How the World Works does not always thrill to the sight of lawyers representing dead writers in the act of enforcing intellectual property laws beyond the grave, but in the case of Dr. Seuss versus a coal-gasification startup with the effrontery to call itself "LoraxAg," I will make an exception.
The New York Times' Green Inc. blog has an update:
Colin Miner reports:
The company that protects the copyrights on the works of Theodor Geisel, better known as the children's book author Dr. Seuss, has sent a cease-and-desist letter to a Massachusetts company looking to get into the coal business under the name Lorax -- the title character of a story published in 1971.

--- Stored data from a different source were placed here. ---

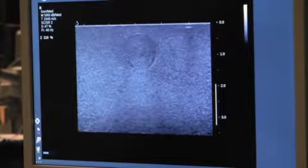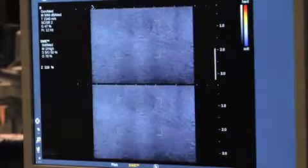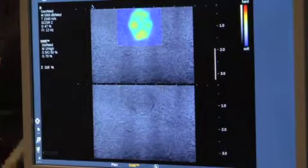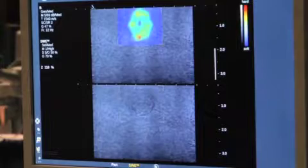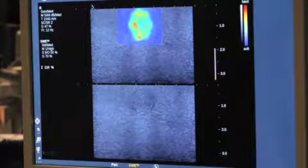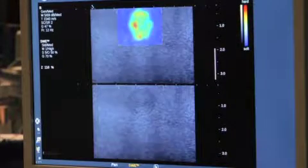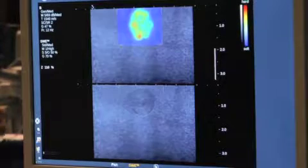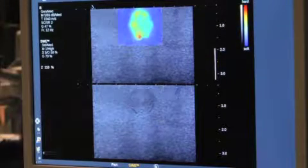This lesion is very isoechoic by 2D and barely visible. When I activate the shear wave, I can see that the lesion becomes much more conspicuous. In this case, the shear wave was very helpful in identifying the lesion, which by 2D was very difficult to see.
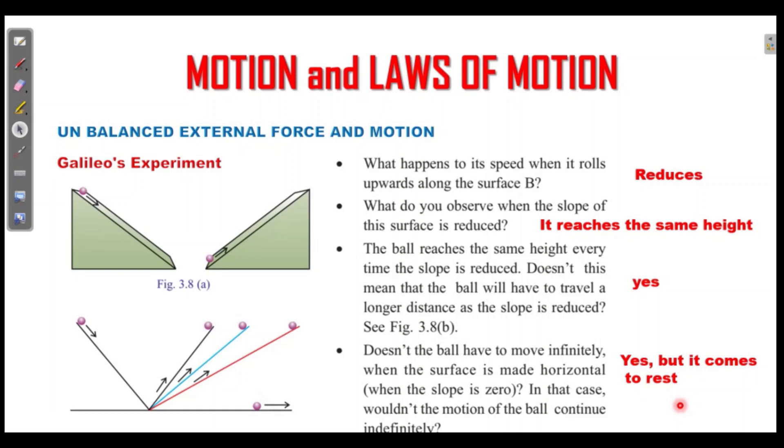This is how we learn. What is the first chapter? What is the balanced force? What is the unbalanced force?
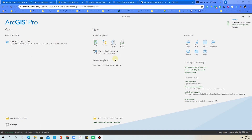This is a quick video in case you need help with the solar power potential project, showing you how to set up your own geodatabase, your own folder connection, and make sure that everything is saved in Google Drive for you.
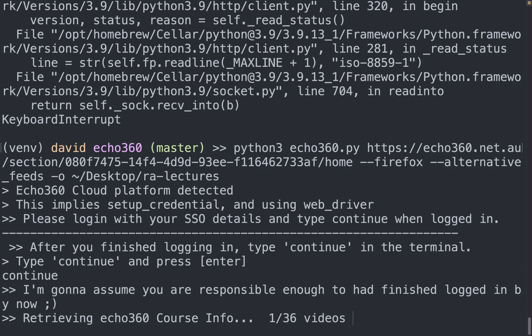And now you're in the process of downloading. And so what it's doing right now is retrieving all the course info. And then once it's done all of that, it will download all your videos.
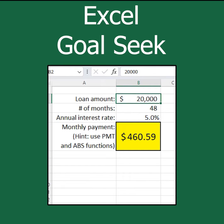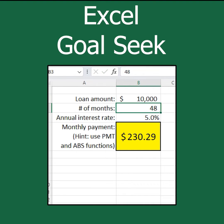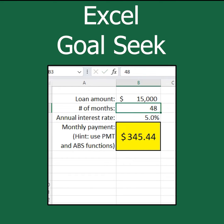Let's look at Excel's Goal Seek to calculate how much I could borrow. The highest payment I want is $400. In this example, I need to borrow less money as the payment is too high. I could keep changing the loan amount again and again until the payment is $400, but I want to work smarter, not harder.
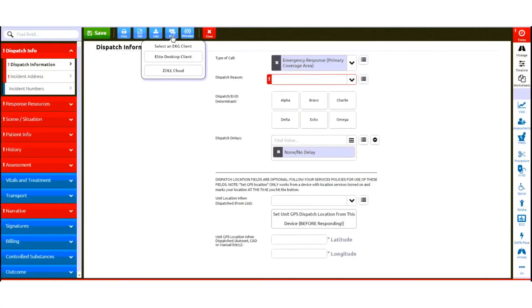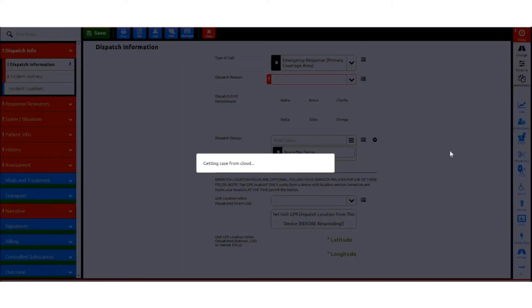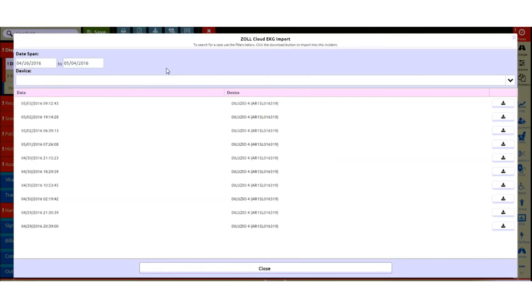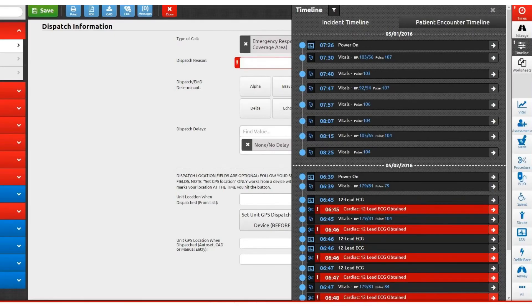If you're using the ImageTrend Elite program for your patient care reporting, once you open a new patient care report, across the top you'll see EKG, and then select Zoll Cloud. There will be a message that appears saying getting case from cloud. The available case files will then be listed by the date and time the call occurred and the device that was used to run the call. Select which call you'd like, then click the download icon on the far right-hand side. You'll then see a list of all the information that was uploaded from the X-Series, which will help you complete your report, and at that point the process has been completed.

"There's no reason for them to use the term," said Karl ZoBell, the longtime lawyer for Dr. Seuss Enterprises, "except to purloin the good will attached to the book and use it for a company that appears to be the opposite of everything the book is about."
Miner does a good job of summarizing the story, but leaves out one key point. The first publication to report on LoraxAg's existence was Massachusetts High Tech, back last November. But according to Wonk Room's Brad Johnson, who who posted about the sacrilege last week, Dr. Seuss Enterprises did not have any idea LoraxAg even existed until Johnson called them up. Thus the cease-and-desist letter.
Give a hard-working blogger some credit, Mr. Paper-Of-Record!
(Thanks to reader Katherine Harrison for bringing the Green Inc. item to my attention.)